A family has been awarded nearly $1 billion in damages after a botched hospital birth left their baby girl permanently disabled.
Anyssa Zancanella, from Wyoming, was handed a $951 million payout following a devastating delivery at Jordan Valley Medical Center West Valley Campus in Utah, as reported by the Daily Mail.
At the time, the facility was operated by Steward Health Care, which has since collapsed into bankruptcy.
The case stemmed from the birth of Zancanella’s first child, Azaylee, in October 2019.
Zancanella said her pregnancy had been healthy and uneventful until her water broke while visiting the Salt Lake City area.

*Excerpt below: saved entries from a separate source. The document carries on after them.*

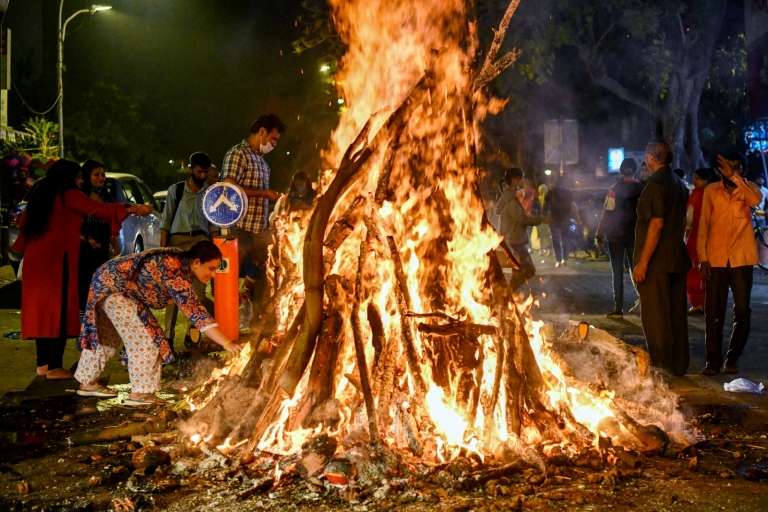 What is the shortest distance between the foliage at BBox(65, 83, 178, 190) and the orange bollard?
94.7 feet

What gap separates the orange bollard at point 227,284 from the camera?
877 centimetres

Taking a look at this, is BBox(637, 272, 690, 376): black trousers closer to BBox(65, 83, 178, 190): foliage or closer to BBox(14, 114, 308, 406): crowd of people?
BBox(14, 114, 308, 406): crowd of people

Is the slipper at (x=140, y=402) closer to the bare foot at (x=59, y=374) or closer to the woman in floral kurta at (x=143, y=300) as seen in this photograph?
the woman in floral kurta at (x=143, y=300)

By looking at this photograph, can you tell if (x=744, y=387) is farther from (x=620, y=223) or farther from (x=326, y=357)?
(x=620, y=223)

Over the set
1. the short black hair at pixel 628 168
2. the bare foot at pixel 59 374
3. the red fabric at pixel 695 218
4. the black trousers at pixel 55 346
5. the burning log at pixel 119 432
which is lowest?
the burning log at pixel 119 432

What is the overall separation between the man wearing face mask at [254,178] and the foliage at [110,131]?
28720mm

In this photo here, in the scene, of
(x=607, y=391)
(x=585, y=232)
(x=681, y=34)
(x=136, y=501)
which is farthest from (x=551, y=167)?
(x=136, y=501)

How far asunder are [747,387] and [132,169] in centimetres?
3568

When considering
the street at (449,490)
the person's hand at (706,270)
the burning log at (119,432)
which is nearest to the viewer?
the street at (449,490)

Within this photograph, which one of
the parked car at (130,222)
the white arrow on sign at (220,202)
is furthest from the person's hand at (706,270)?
the parked car at (130,222)

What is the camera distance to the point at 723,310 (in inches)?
303

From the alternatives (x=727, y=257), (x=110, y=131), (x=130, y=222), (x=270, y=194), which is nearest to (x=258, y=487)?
(x=270, y=194)

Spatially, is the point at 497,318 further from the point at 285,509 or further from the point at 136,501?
the point at 136,501

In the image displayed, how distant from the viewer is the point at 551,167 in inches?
1443
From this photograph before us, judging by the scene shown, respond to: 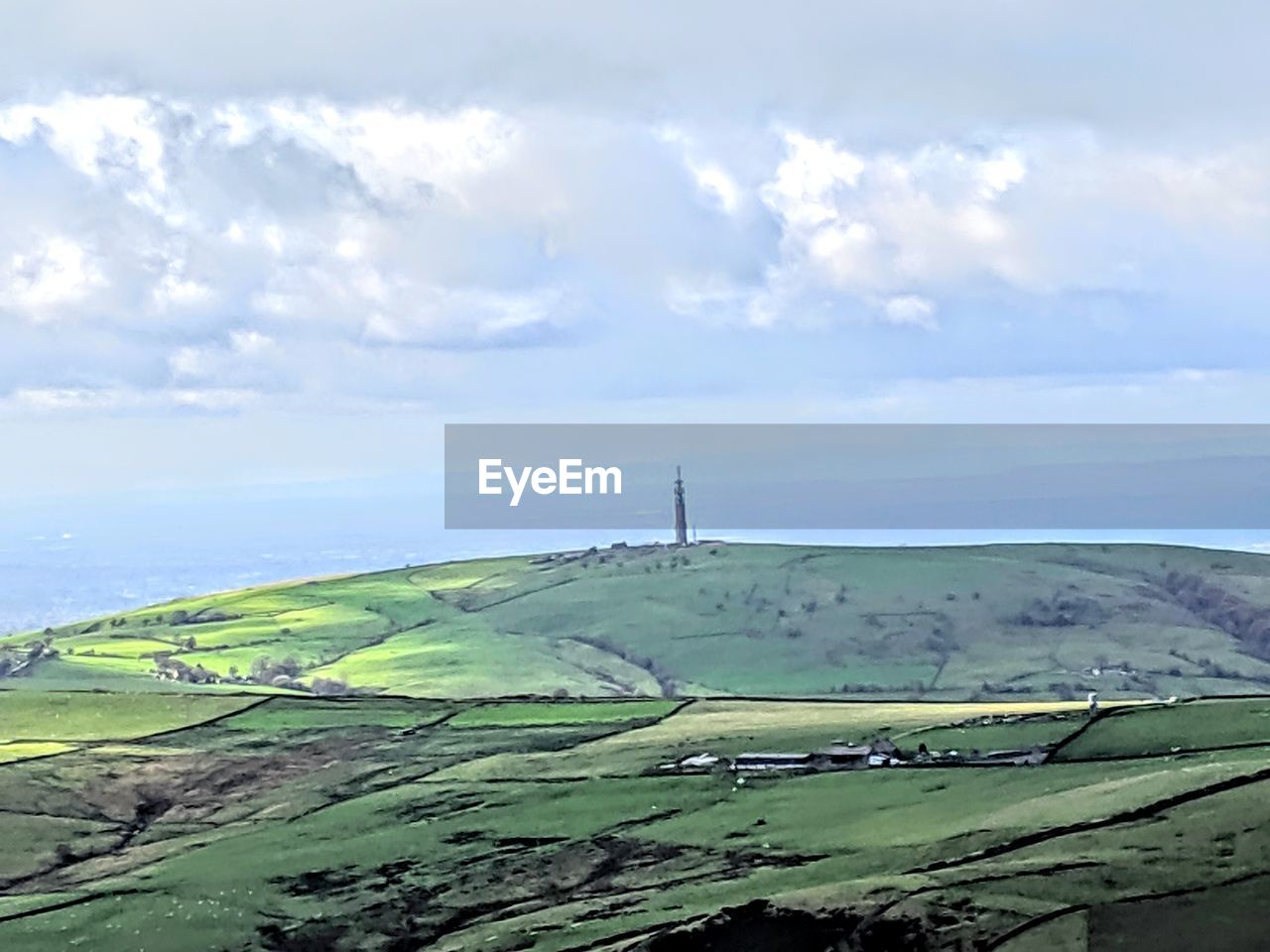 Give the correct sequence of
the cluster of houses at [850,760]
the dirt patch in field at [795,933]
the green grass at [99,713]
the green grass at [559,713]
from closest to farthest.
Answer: the dirt patch in field at [795,933]
the cluster of houses at [850,760]
the green grass at [559,713]
the green grass at [99,713]

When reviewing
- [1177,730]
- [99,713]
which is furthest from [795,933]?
[99,713]

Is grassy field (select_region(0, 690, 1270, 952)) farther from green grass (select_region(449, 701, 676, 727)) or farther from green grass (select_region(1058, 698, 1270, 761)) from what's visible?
green grass (select_region(449, 701, 676, 727))

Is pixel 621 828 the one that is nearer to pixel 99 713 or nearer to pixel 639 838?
pixel 639 838

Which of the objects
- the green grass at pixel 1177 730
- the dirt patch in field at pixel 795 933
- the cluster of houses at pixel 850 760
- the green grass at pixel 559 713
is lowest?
the dirt patch in field at pixel 795 933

Hours from her own doctor, she and her partner, Daniel McMichael, rushed to the hospital in West Valley City.
But what should have been a safe delivery turned into a nightmare.
Zancanella’s lawsuit claimed she was given “excessive” doses of the labor-inducing drug Pitocin and that medical staff failed to act despite clear signs of distress.
“This was the very first, or one of the very first times, that either of the assigned bedside nurses had individually been assigned a laboring patient,” the filing noted, as reported by The Sun.
Doctors, she said, did not perform a C-section until more than 24 hours after she was admitted. By that point, Azaylee had been deprived of oxygen, leaving her with severe and permanent brain damage.
“[The obstetrician] abandoned mother and fetus/infant when she was fully aware of significant and dangerous issues with the ongoing labor process and the ongoing health and well-being of the fetus,” the lawsuit stated.
The impact on the family has been life-changing.
Now four years old, Azaylee is nonverbal, suffers seizures, and requires constant care.
She undergoes ongoing physical and occupational therapy and cannot sleep alone, meaning she shares a bed with her parents.
During her testimony, Zancanella told the court: “[Azaylee] had her life stolen. We all did. We had her taken from us. She is trapped. I know that my daughter is in there, but she can't come out and I think of that every day.”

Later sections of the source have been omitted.